* [Data]:
=======

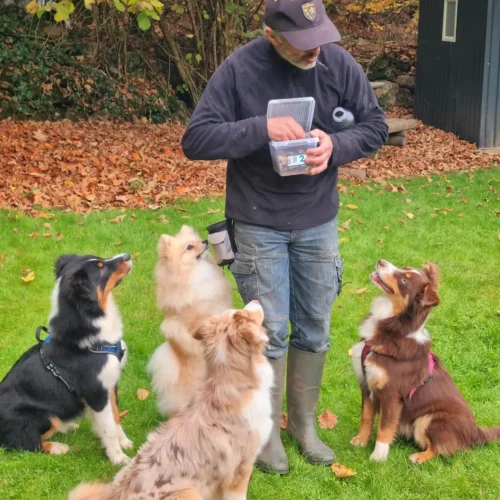 467405267_1020377113226668_8980802824464473504_n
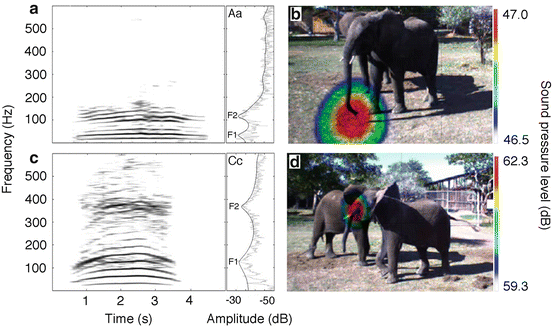 split-screen visualization comparing elephant infrasonic calls with whale song patterns in spectral display
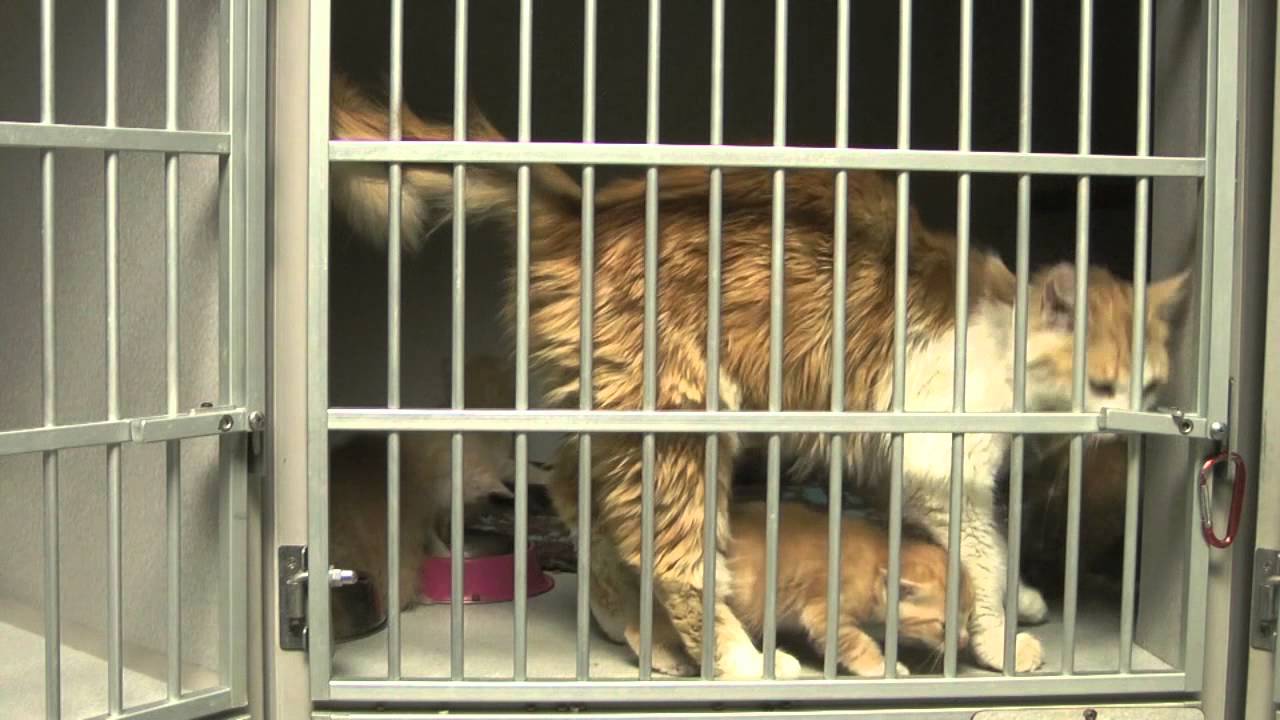 OC Animal Care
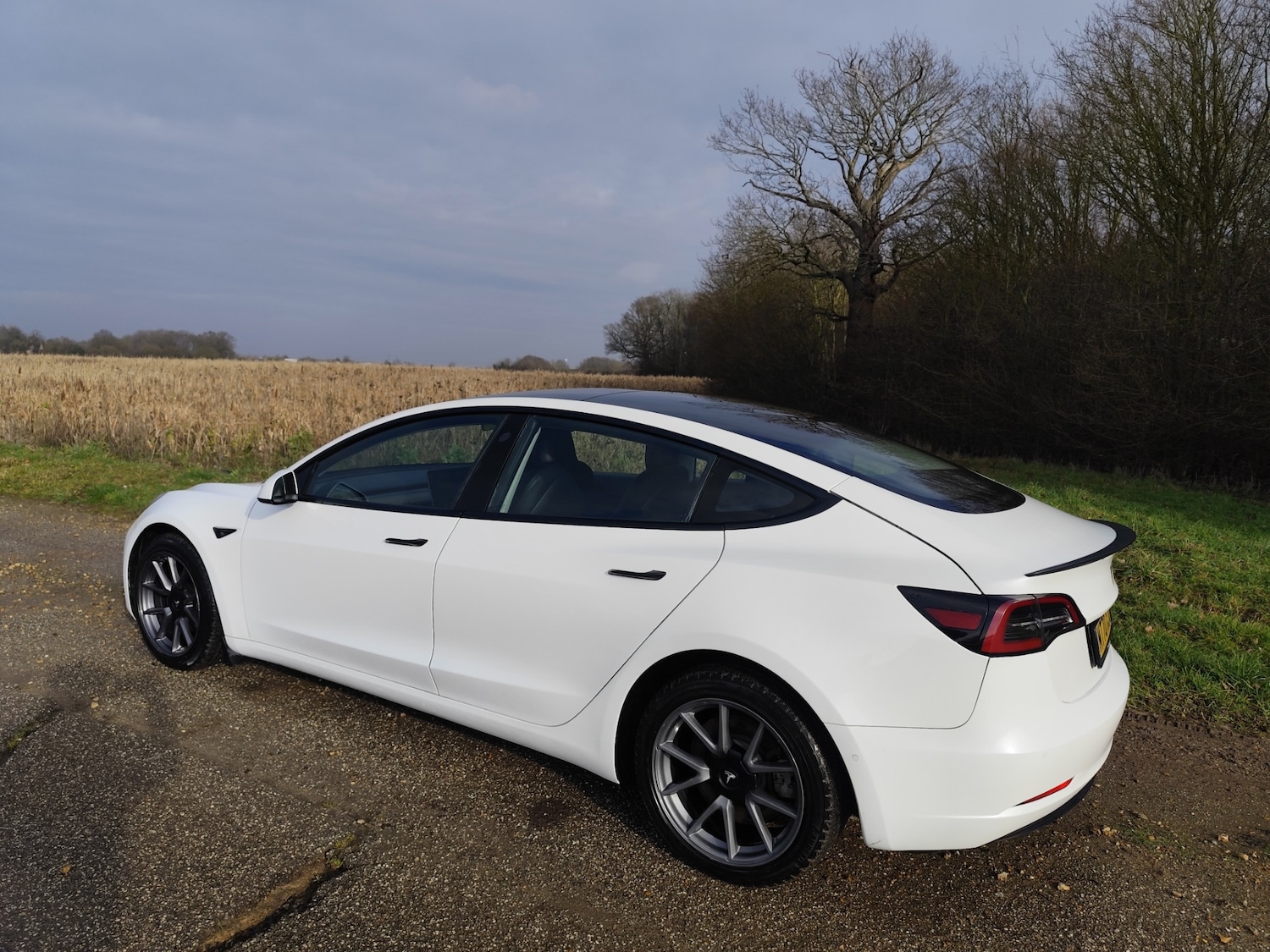 Used Tesla Model 3 2020 for sale - 77248587: Photo 8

=======

* [What you are asked to do]:
The response must repeat all the lines above exactly and include no pictures.

* [Result of the task]:
 467405267_1020377113226668_8980802824464473504_n
 split-screen visualization comparing elephant infrasonic calls with whale song patterns in spectral display
 OC Animal Care
 Used Tesla Model 3 2020 for sale - 77248587: Photo 8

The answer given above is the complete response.